The resulting system should be easy to understand, maintain and deploy. CouchDB would have been an nice option with Hoodie on to of it. Ultimately though, I felt more confident with Laravel 5 and MySQL so this is what Knowfox is built on.
Knowfox is usable and very nicely so.
- Full text search works, maybe even better than the one in Evernote.
- The integrated Markdown editor has no inline preview of images, but otherwise is a joy to use.
- Picture handling is very slick, thanks to the integrated Dropzone.js and automatic inclusion of image links into the note's Markdown.
- A bookmarklet helps me to bookmark websites and gather their content for later reference.
- I have imported my most important Evernote notebooks and now rely on it for my everyday work and projects.
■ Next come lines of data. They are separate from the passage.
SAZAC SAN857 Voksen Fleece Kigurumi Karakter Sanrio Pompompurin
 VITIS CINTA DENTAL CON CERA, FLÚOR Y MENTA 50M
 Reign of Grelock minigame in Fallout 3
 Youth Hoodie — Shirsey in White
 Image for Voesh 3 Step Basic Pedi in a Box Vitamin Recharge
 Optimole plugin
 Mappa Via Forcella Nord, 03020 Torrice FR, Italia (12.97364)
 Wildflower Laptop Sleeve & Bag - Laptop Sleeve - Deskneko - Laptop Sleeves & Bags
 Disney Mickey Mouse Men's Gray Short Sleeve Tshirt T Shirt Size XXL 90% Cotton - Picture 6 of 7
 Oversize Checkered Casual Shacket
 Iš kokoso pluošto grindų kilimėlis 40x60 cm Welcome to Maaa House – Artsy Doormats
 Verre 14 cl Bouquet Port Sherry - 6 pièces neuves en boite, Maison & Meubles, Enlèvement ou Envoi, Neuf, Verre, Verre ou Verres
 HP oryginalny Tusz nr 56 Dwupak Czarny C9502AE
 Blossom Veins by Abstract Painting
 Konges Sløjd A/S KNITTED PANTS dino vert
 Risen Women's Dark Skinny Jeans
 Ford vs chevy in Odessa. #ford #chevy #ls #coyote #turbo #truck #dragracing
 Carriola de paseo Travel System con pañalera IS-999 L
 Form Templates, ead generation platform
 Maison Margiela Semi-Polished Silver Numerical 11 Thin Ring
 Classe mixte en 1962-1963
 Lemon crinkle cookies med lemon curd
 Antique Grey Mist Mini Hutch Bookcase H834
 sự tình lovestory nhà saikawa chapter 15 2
- There is a hosted version at https://knowfox.com which is free to use. However, I make no guarantees as to the stability of this service. Ultimately, Knowfox is meant for self hosting.
There is a brief presentation about the system, too.
I have built Knowfox in a frency to have a usable system as soon as possible. For others to be able to contribute, it most urgently needs automated tests. Some more importers for my other databases for eBooks and timelines will follow. Maybe native apps or a FUSE filesystem at some point.